Tornare a respirare il teatro in presenza è un segnale rilevante, anche per offrire un ulteriore strumento alla cittadinanza per riappropriarsi di una quotidianità stravolta dall’emergenza…
“Certamente. Dopo una serie di ambiti economici produttivi che era necessario ripartissero, era il momento della cultura, che non può essere sempre un fanalino di coda. Anzi, sappiamo bene quale ricchezza produce per i territori, specie per regioni come l’Umbria, dove il nostro petrolio sono i paesaggi, l’arte e la cultura. E questa va tutelata e promossa anche quando ci sono difficoltà così imprevedibili. E’ un segnale di incoraggiamento per gli operatori dietro le quinte, perché ricordiamo come dietro un ballerino, un attore c’è una ‘fauna’ di personaggi come i tecnici, gli allestitori e gli scenografi, che più dei primi hanno subito il tracollo della produzione artistica. Categorie che sono state protette in maniera magari non adeguata rispetto a quello che ci si aspettava. La ripartenza di questi eventi sta a significare la volontà di dare una mano a questo settore produttivo e alle sue componenti umane”.

In questo senso, lo spettacolo dal vivo, pur nelle limitazioni dovute alle norme di sicurezza, può rappresentare l’espressione di un Paese che, nonostante tutto, continua a puntare sul valore della cultura?
“E anche come spinta morale che può dare a queste persone, non solo ai protagonisti ma anche alla platea di protagonisti che stanno dietro le quinte. Li abbiamo visti soffrire, così come abbiamo sofferto anche noi. Vorrei ricordare un’azienda che si occupa di costruire palchi e scenografie, ferma per diversi mesi e che sta faticosamente iniziando ora a riprendere il suo lavoro. E il segnale del Todi Festival, unito a quelli offerti da Todi Jazz e dal Festival di Spoleto, contenitori culturali importanti per l’Italia, ci fanno sperare che ci sia un ritorno progressivo alla normalità, anche se sappiamo che il ritorno a una piena normalità ancora non è pronosticabile”.
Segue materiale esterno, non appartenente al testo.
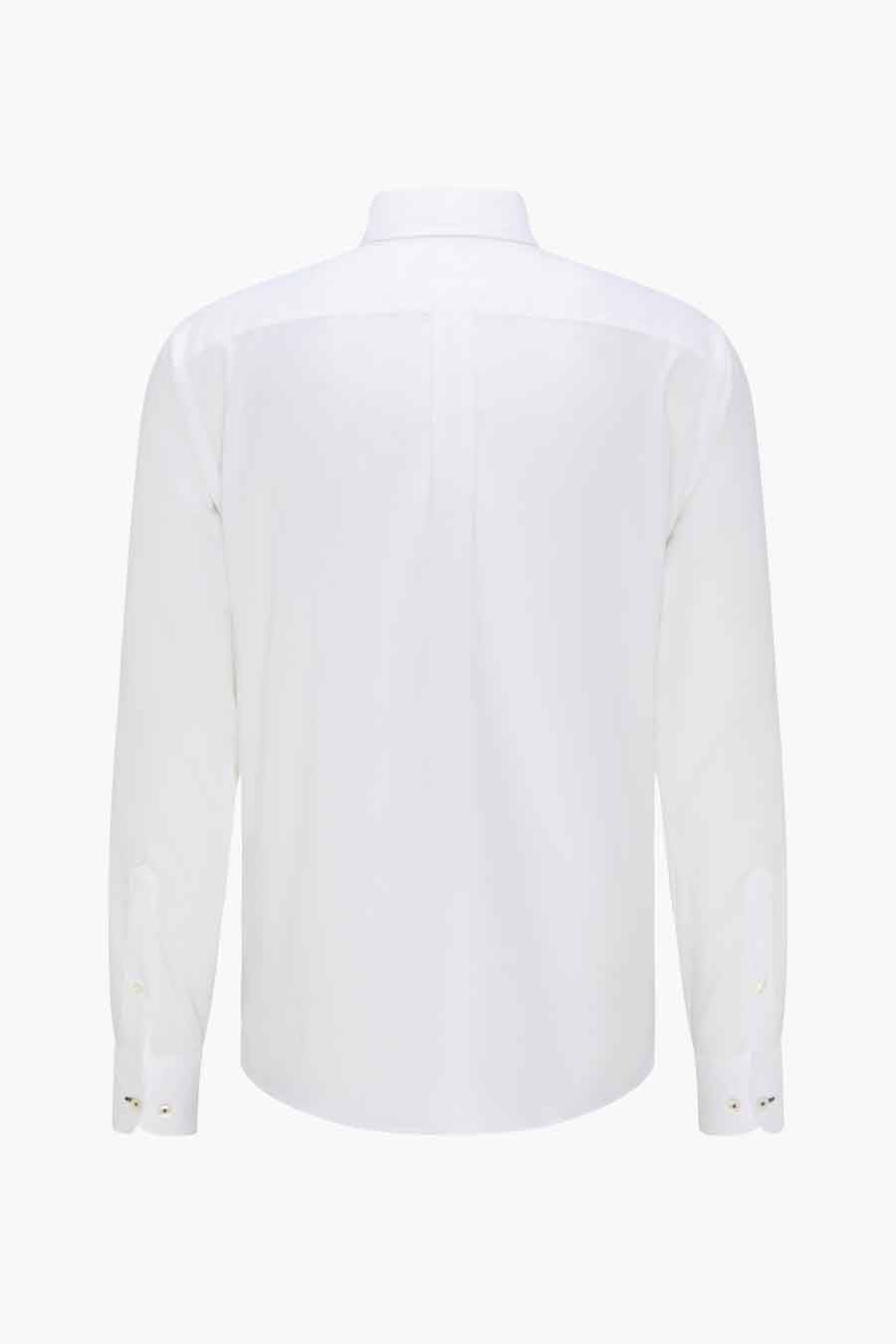 Chemise (manches longues) Blanc - Fynch-Hatton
Esordio con Era un fantasma di Arianna Mattioli, con Lorenzo Lavia e Lodo Guenzi. Un debutto interessante…
“E’ la storia di una lunga giornata durante la quale Claudio, il protagonista, attende l’arrivo del figlio Arturo e degli altri due figli. Un confronto familiare di vita comune, con le tensioni che ci possono essere, che viene interpretato da questi quattro protagonisti con il testo di Arianna Mattioli. Ci ha fatto piacere che la produzione, quindi Monica Savaresi, di questo spettacolo abbia scelto Todi per un debutto che ci auguriamo possa portargli fortuna. Negli anni, questa cosa l’abbiamo vista accadere: gli spettacoli che partono a Todi sono sempre apprezzati sui circuiti teatrali italiani”.

Chiusura affidata a Max Gazzè con Quel che la musica può fare. Anche qui, un messaggio significativo, che ci riporta al senso profondo di questo Festival…
“La scelta di Max Gazzè è maturata per due motivi. Innanzitutto perché è uno degli artisti più importanti nella musica autoriale italiana, e poi anche dopo aver visto muoversi, fra i primi tra coloro che hanno fatto una scelta etica importante, ovvero ridursi il cachet per favorire la ripresa del concerto in piazza. Il quale, chiaramente, sarebbe stato impossibile se da parte dell’artista non ci fosse stata la consapevolezza della riduzione dei propri compensi. Dando un’occasione in più a quella platea di persone di cui parlavamo. La scelta di Max Gazzè di difendere questo patrimonio di esperienze da parte di alcuni artisti, l’abbiamo molta apprezzata e l’abbiamo contattato per averlo con noi”.